Recently celebrating his 62nd birthday, Hollywood’s wild child Woody Harrelson opened up about his life, including the influence of his father, a real-life hitman.
The Cheers star, known for his killer versatility on and off screen, used his celebrity as a platform to support the legalization of marijuana, advocate crazy conspiracy theories and to champion PETA (People for the Ethical Treatment of Animals).
But instead of splitting with him, what the Hawaiian-born Laura Louie did was extraordinary.
Keep reading to learn more about Harrelson and Louie!
In 2007, Woody Harrelson, famously known for his role as the gregarious and dopey Woody Boyd on the TV sitcom Cheers, appeared in the crime thriller No Country for Old Men. In the film, the sheriff says, “Here a while back in San Antonio they shot and killed a federal judge,” which references the real-life murder of Judge John H. Wood Jr. by Harrelson’s contract killer father, Charles Voyde Harrelson.
In 1979 the senior Harrelson, who divorced Woody’s mother Diane in 1964, was convicted in the assassination of U.S. district judge, John H. Wood Jr.

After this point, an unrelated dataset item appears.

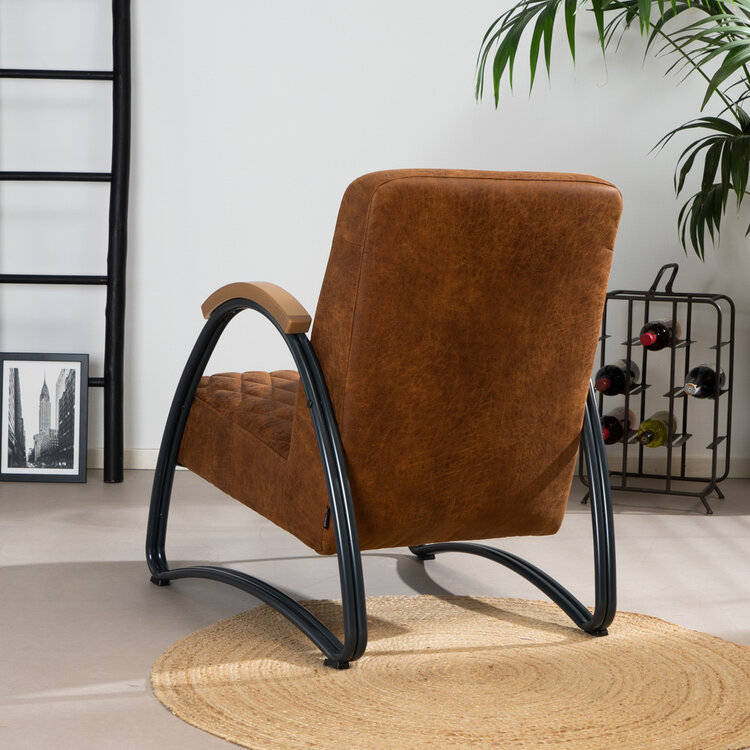 Industriële fauteuil Ivy eco-leer cognac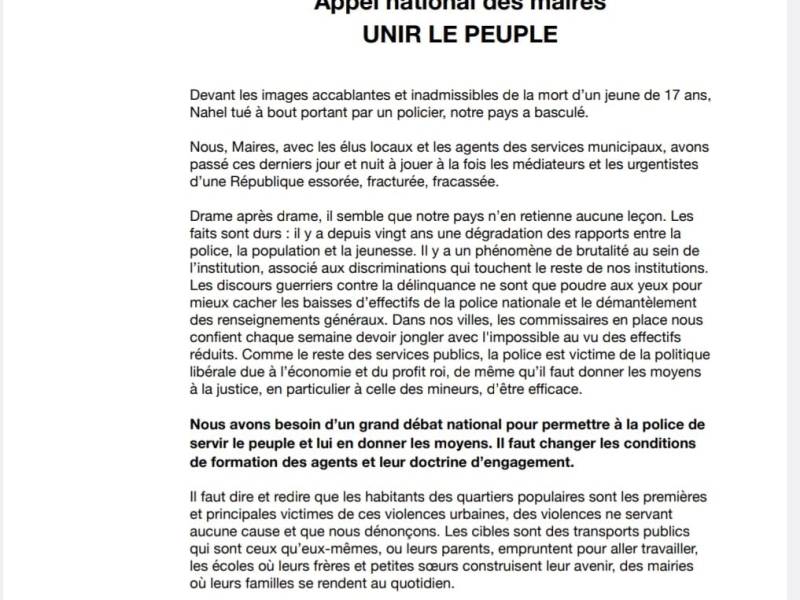 Appel national des Maires : Unir le Peuple&nbsp;!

His second wife, Jo Ann was also implicated in the slaying of the 63-year-old judge.
In 2007, Harrelson’s dad–behind a string of murders and an armed robbery in 1960–died at 68 in a maximum-security state prison of a heart attack.
Born in 1961, Harrelson was only seven when–after his dad was prisoned the first time in the killing of a Texas grain dealer–his mother moved him and his brother Brett to Ohio.

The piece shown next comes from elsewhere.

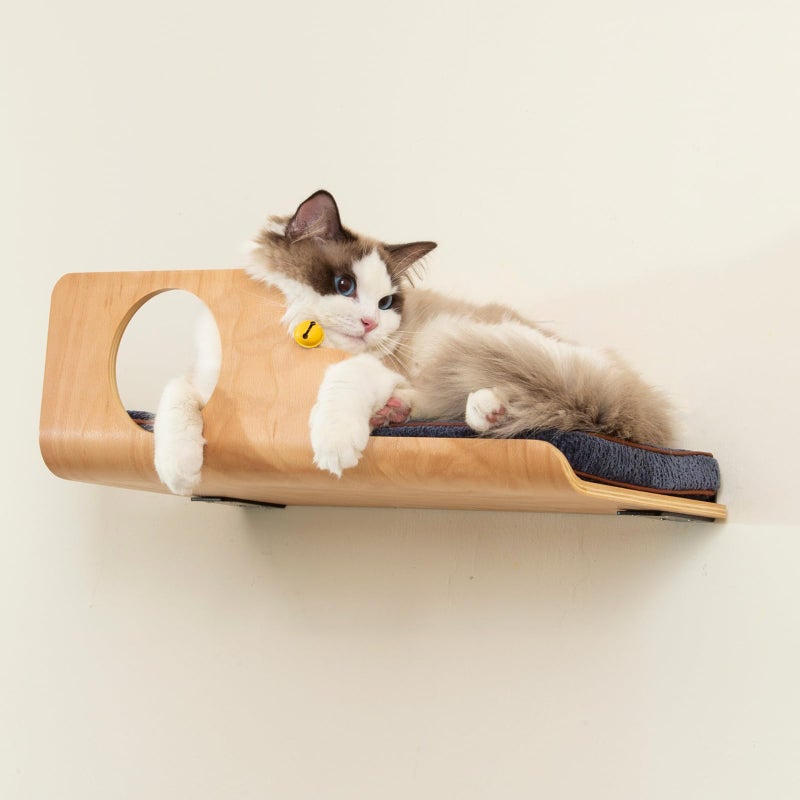 LIORCE Cat Wall Shelves, Creative Design Cat Shelf with Peephole, 19 x 10 inch Cats Wall Furniture with Comfortable Pad, Cats Perch for Sleeping, Playing, and Scratching. - Image 5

He was in college when his father was convicted of the judge’s assassination.
The multiple award-winning actor–whose versatile talents allow him to appear in indie films on a dollar to major franchises–says he still follows his father’s advice to “‘Keep an open mind.’ That’s what he said: ‘All I’m asking is, keep an open mind.’ That’s pretty good advice from a father.’” He continued, “I think that philosophy has helped me at times to take another look and not shut down to things that I might otherwise have been closed off to.”
Explaining it was his mother who was offered the real guidance, the Natural Born Killers star shared, “I do feel she was a great influence on me and instilled a lot of good values–just the way you treat people, behaving honourably, which I don’t always do, but she was a great role model for that and still is.”
Not surprisingly, the White Men Can’t Jump star is drawn to strong women, and he even married one.
In 1987, he met Hawaiian-born Laura Louie, his former personal assistant, on the set of Cheers. After wooing her with his charm, and even writing a song for her, the two started dating.
They met at a time when the actor was drunk with success after his breakthrough role as the lovable barman, Woody Boyd, a role he played for eight years.
Speaking with Hollywood Reporter, Harrelson shared, “It was phenomenal all the way through. Just the best people. And everybody watched, not like a lot of times when you’ll do a movie and you’ll be like, ‘Will anybody see it?’ I couldn’t have imagined leaving because, really, that show made me. I mean, I was anonymous and poor before that show.”